Khaddar knows what her parents know, and it makes her nervous: Finding a match will be difficult for a woman like her, a student of philosophy who thinks for herself, lives apart from her parents and likes classic rock.
A bigger fear, she confesses, is not being married at all. “I’m torn about this whole independence thing,” she said.
Indian women are marrying later, though still relatively young compared with the West. The mean age of marriage inched to 18.3 in 2001 from 17.7 years in 1991, according to the census, and as late as 22.6 years for the college-educated. Nearly one-third of the work force is female, with rural women employed mostly in agriculture and urban women in services. Although their ranks are minuscule at the top rungs of corporate India, it is common to see women in jobs that either did not exist a generation ago or would rarely be filled then by women, whether gasoline station attendants or café servers, magazine editors or software programmers.
Every now and then, a high-profile crime prompts new hand-wringing and outcry over night jobs for women. But the young working woman living on her own is firmly part of the urban mainstream. Apartments are easier to rent, unlike the days when accommodations were limited to a room in the home of a nosy landlord who would cluck her teeth if a boyfriend spent the night. Radio talk shows now feature callers talking about the pros and cons of a live-in boyfriend.
“I think it’s a very significant shift,” said Urvashi Butalia, publisher of Zubaan Books, based in New Delhi, which promotes women’s writing. “It signals a kind of change and acceptability. It testifies to women’s desire and wish to be economically independent, to be able to interact in public space and be in the same world as men.” Equally important, she said, is the attitude adjustment among elders. “For families to accept that women will remain single, that they will live on their own, that they will work and defer marriage, is a very, very significant shift,” she said. “Even if it’s very small, it’s beginning to happen in a society where before, if you wanted to do that, you’d be out on a limb.”
Women in the younger generation, like Cauvery Cariappa, find themselves still bucking their elders on the subject of living alone. She broke the news to her parents after graduating from a Bangalore college in 2000 that she would not be returning home to Ooty, several hours away. Instead, she would work and rent a place here. “People will talk,” was her parents’ first reaction.

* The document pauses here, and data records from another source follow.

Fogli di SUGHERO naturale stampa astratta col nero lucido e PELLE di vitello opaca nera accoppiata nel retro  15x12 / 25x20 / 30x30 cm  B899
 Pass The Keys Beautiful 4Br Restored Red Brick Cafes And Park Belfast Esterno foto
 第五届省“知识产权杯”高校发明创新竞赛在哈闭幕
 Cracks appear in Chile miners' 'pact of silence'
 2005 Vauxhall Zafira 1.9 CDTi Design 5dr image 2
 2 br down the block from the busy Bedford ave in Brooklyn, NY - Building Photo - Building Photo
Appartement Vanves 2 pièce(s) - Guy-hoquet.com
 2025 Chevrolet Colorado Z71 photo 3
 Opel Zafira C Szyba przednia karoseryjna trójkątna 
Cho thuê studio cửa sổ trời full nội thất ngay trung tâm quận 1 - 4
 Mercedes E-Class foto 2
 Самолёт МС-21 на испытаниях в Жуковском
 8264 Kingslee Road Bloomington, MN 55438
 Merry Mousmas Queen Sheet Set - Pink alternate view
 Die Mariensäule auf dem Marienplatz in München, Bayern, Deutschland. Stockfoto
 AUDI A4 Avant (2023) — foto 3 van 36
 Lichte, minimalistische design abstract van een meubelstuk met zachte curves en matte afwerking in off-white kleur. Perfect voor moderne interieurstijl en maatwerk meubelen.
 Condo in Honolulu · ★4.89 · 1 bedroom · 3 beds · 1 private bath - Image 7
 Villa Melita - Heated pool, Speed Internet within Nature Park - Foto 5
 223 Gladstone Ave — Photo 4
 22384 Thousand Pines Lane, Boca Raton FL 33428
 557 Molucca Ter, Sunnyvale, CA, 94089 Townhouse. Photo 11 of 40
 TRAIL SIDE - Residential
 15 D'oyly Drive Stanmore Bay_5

“The trend is once you’re 21, once you graduate, if you’re not doing something productive, you get married,” she said. “’Productive’ according to your parents is very different from your own terms. For them, back then, it was a doctor or some other known job.”
Cariappa, 28, went through a gamut of jobs, all of them fruits of the new economy: first at an advertising agency, then a call center, a bank, and finally she decided she would try her hand at designing clothes.
The apartment she shares with two roommates is mostly bare, with a shelf loaded with shoes in one corner, cushions on the floor, and empty liquor bottles lined up smartly on a ledge, which made her mother gasp on her first visit. Cariappa assured her they had not all been consumed in one go.
Here, her companion can come and go without questions from nosy neighbors. But after fighting so hard for her independence, even she could not resist the pull of tradition. In November, Cariappa announced that her freewheeling days were coming to an end.
She and her companion of seven years had decided to marry. That, too, was a break with tradition because he is from another community, from another part of the country.